We all know the statement made by Franklin D. Roosevelt when the Japanese bombed Pearl Harbor on December 7, 1941: “This day shall live in infamy!”
On April 18, 1942 Lt. Col Jimmy Doolittle led sixteen US Air Force B-25B bombers to attack Japan. The planes were launched from the carrier USS Hornet. History books tell us that this bold raid on the Japanese enemy was largely unsuccessful. It did, however, send a clear message to the Japanese that they were vulnerable to attack, and that they had awakened a sleeping giant.
Had any one of us been hanging around inside the palace of Emperor Hirohito while he addressed his top military officers, we might have heard the statement: "Our best fighter pilot has come up with a plan,"…..or perhaps something quite similar. Hirohito was enraged at the invasion of Japan’s homeland. He immediately set about to assemble and organize the plan for retaliation. This secret plan ended up being one that would ignite the forests of America’s North West mainland using incendiary bombs. It was thought that burning up our forests would instill fear among USA’s citizens. It was believed that this would destroy morale, and put all Americans in a state of panic. They surely would discourage their government from entering the war.
Small attack pontoon float planes would be disassembled; loaded aboard the Japanese air craft carrier-sub I-25 inside a deck mounted water tight container; assembled and launched by catapult from sea along the Oregon Coastline. After dropping their incendiary bombs, the planes would turn around and head back out to sea. The submarine would then pick them up.
Enter now our main villainess character, Japanese warrant officer and pilot Nubuo Fujita. This famous Japanese fighter pilot was being called upon to lead the invasion against imperialist America. Fujita had presented the plan to Hirohito. In fact it could be said that Fujita was the invasion. It was determined that only a single plane could be discreetly launched from the sub-carrier. Nubuo Fujita was a revered fighter pilot in the Imperial Japanese Navy. All agreed the bombing plan would succeed.
Nubuo was disappointed that he would not be part of a larger attack force. He wanted to bomb Los Angeles or San Francisco. He none-the-less took his assignment quite seriously. Fujita and his one man crew (Petty Officer Okuda Shoji) began preparing and training for the mission. On September 9th, Nubuo carried his family’s four hundred year old Samurai sword into the cockpit. Fujita later told our U.S. military that if he was forced down, he could use the sword to end his life rather than be captured by the enemy.

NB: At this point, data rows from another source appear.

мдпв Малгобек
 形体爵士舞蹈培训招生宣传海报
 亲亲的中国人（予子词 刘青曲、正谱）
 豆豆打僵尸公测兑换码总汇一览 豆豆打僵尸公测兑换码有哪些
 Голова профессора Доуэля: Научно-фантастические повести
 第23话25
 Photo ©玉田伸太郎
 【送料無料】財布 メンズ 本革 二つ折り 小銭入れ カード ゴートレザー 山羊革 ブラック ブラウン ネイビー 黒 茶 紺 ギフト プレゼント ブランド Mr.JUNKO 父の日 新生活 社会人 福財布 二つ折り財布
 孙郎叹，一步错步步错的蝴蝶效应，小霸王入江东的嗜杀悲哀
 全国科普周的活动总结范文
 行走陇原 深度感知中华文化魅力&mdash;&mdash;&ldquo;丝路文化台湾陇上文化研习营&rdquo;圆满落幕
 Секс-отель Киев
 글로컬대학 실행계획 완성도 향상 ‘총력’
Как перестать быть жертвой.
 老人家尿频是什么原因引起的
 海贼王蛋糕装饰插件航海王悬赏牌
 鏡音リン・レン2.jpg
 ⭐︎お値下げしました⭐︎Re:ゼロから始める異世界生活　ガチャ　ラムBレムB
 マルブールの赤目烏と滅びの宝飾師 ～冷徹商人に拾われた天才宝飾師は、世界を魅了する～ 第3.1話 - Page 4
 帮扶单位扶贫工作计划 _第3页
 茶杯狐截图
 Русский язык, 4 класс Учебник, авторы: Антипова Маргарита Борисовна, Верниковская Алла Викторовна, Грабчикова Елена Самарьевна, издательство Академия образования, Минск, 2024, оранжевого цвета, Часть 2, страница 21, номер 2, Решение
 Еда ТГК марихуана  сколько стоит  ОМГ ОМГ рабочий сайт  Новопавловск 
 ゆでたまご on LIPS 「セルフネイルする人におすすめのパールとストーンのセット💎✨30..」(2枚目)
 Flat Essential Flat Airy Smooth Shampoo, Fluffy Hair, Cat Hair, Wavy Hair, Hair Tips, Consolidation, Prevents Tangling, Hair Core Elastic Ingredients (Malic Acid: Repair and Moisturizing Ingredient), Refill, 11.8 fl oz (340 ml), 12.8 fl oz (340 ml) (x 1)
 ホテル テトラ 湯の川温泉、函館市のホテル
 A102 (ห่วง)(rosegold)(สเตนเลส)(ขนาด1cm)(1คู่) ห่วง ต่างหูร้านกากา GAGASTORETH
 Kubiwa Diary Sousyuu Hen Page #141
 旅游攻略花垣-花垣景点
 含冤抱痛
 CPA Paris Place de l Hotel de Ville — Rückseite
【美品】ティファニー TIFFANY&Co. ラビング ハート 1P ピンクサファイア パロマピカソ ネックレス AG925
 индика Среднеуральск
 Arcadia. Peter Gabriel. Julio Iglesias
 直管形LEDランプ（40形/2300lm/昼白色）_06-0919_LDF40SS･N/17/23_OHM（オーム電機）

Young Nubuo could not know that he would be heading for the history books. At 6:00 a.m. he and Okuda Shoji lifted off the sub-carrier deck into the sky in their Yokosuka E14Y Glen seaplane, and headed for the Oregon coast. Their target: the small fishing town of Brookings. Brooking’s citizens had no clue that they were in the midst of an enemy air attack. Many later told the military that they did hear the airplane, but no one spotted it.
Fujita's float plane carried 340 pounds of incendiary bombs. The Glen circled the forests around Brookings. He released his fire bombs from eighty two hundred feet. One of the two bombs ended up being a dud. He clearly noted that the second had exploded and had started a small fire. He hoped that soon it would become a blazing inferno.
At the same time, a little past noon, Howard Gardner and Bob Larson, local fire lookouts, radioed in a fire report noting smoke on nearby Wheeler Ridge. The blaze was located and quickly extinguished. Within a few hours the US military and the FBI were on the scene. The U.S Air Force Coastal Patrol ultimately spotted the retreating sub’s course. The I-25 sub came under attack by a USAAF aircraft. The sub was forced to dive and hide on the ocean floor off the coastal town of Port Orford. The I-25 did end up successfully retreating to safety in Japanese waters. Thus concluded the first and only enemy airplane raid over the continental United States.
We now fast-forward to 1962, Brookings, Oregon. Each year the small town of Brookings holds an annual Azalea Festival. Some of the more creative citizens suggested that they attempt to locate for former Japanese pilot. They would invite him to attend the festival as a sort of “forgive and forget” gesture from his former enemies. All expenses would be paid by the town. Of course there would need to be some major assurances that old and retired Nubuo was not being sought as a war criminal.
Things ultimately got worked out, and Nubuo and his wife arrived in Brookings. Nubuo was beside himself with the friendly greeting by the town folks. Expressing his deepest apologies, Nubuo presented his centuries-old Samurai sword to the city of Brookings. It still resides today in the town library. Nubuo met personally with many of the locals, and vowed that upon his return to Japan, he would work hard to organize a visit to his country for some of the local American students. In 1985 Fujita made good on his promise. Three honor students from Brookings Harbor High School were on their way to Japan compliments of the former bomber pilot turned peacemaker.
Nubuo Fujita passed away on Sept 30, 1997. He had been made an honorary citizen of Brookings, Oregon. Many tears were shed on this sad day, both in Brookings and in Japan. In October 1998, his daughter, Yoriko Asakura, buried some of Fujita's ashes at the bomb site.